First-principles studies on the electronic and contact properties of monolayer Ga2STe-metal contacts.

Monolayer (ML) Janus III-VI compounds have attracted the use of multiple competitive platforms for future-generation functional electronics, including non-volatile memories, field effect transistors, and sensors. In this work, the electronic and interfacial properties of ML Ga2STe-metal (Au, Ag, Cu, and Al) contacts are systematically investigated using first-principles calculations combined with the non-equilibrium Green's function method. The ML Ga2STe-Au/Ag/Al contacts exhibit weak electronic orbital hybridization at the interface, while the ML Ga2STe-Cu contact exhibits strong electronic orbital hybridization. The Te surface is more conducive to electron injection than the S surface in ML Ga2STe-metal contact.

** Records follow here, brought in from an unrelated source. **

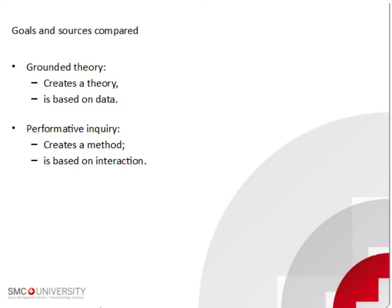Generally, we understand that grounded theory is different in goal. It tries to create a theory. In turn, conventional methods try to test a theory or to provide new insight on a problem.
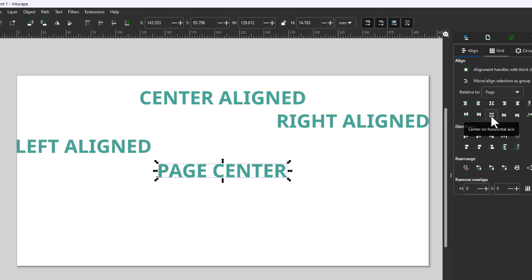That is how you align text using Inkscape. Thanks for watching.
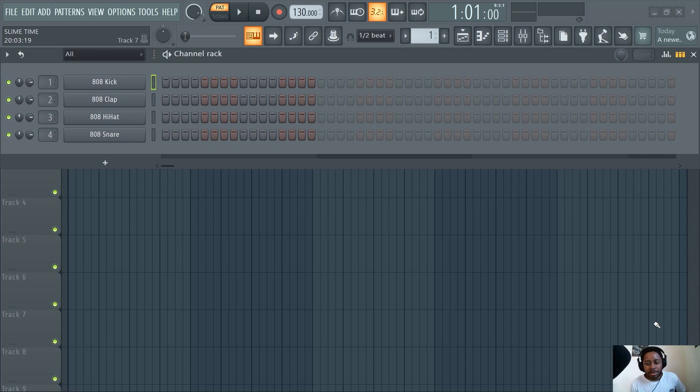What's good y'all? Slime Green Beats in the building. This is an FL Studio 21 Piano Roll tutorial.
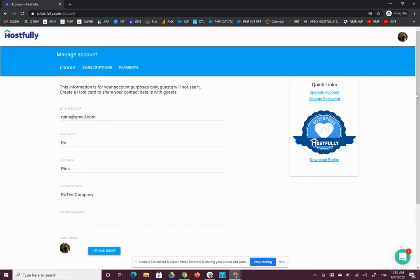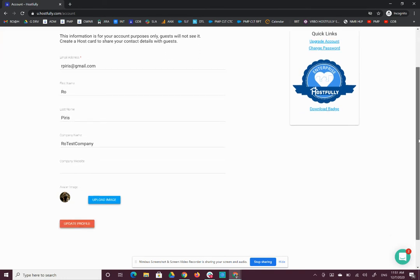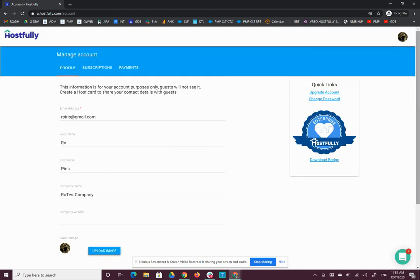Scroll down and click Update Profile. The next time you log on, you will be able to use that new email address you provided to log on. That's all you need to do.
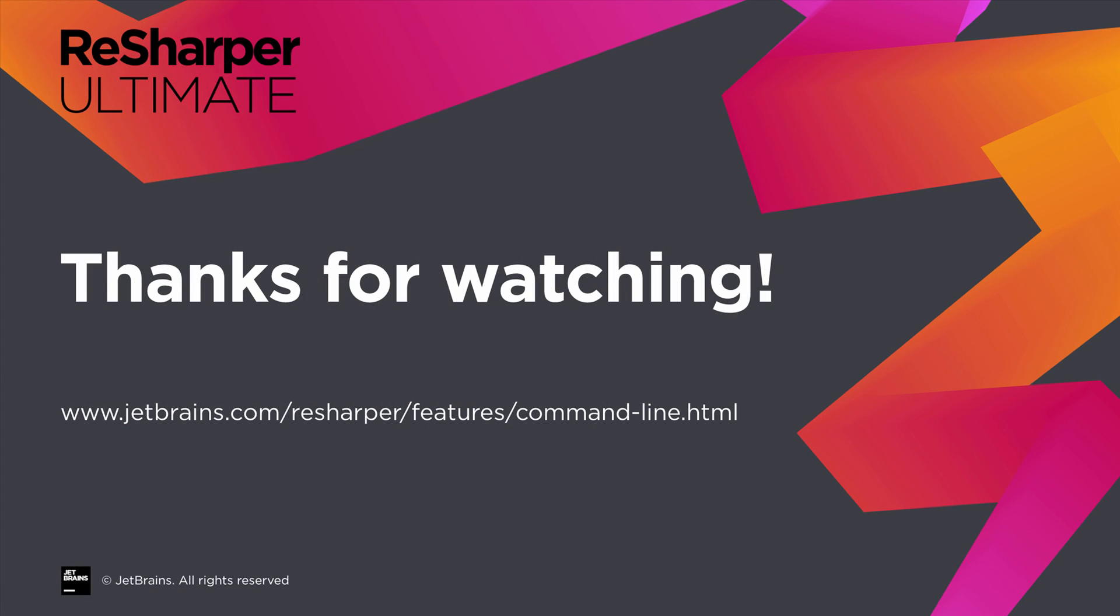By integrating the ReSharper command line tools with a CI server, a build can fail or succeed based on code quality issues. The inspect code tool can help providing feedback on overall code quality by leveraging all of ReSharper's code inspections. The DupeFinder tool helps finding duplicated blocks of code. Thank you for watching. Check our website and give it a try.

Quantum transport calculations revealed that when the Te side of the ML Ga2STe is in contact with Au, Ag and Cu electrodes, p-type Schottky contacts are formed. When in contact with the Al electrode, an n-type Schottky contact is formed with an electron SBH of 0.079 eV. When the S side of ML Ga2STe is in contact with Au and Al electrodes, p-type Schottky contacts are formed, and when it is in contact with Ag and Cu electrodes, n-type Schottky contacts are formed. Our study will guide the selection of appropriate metal electrodes for constructing ML Ga2STe devices.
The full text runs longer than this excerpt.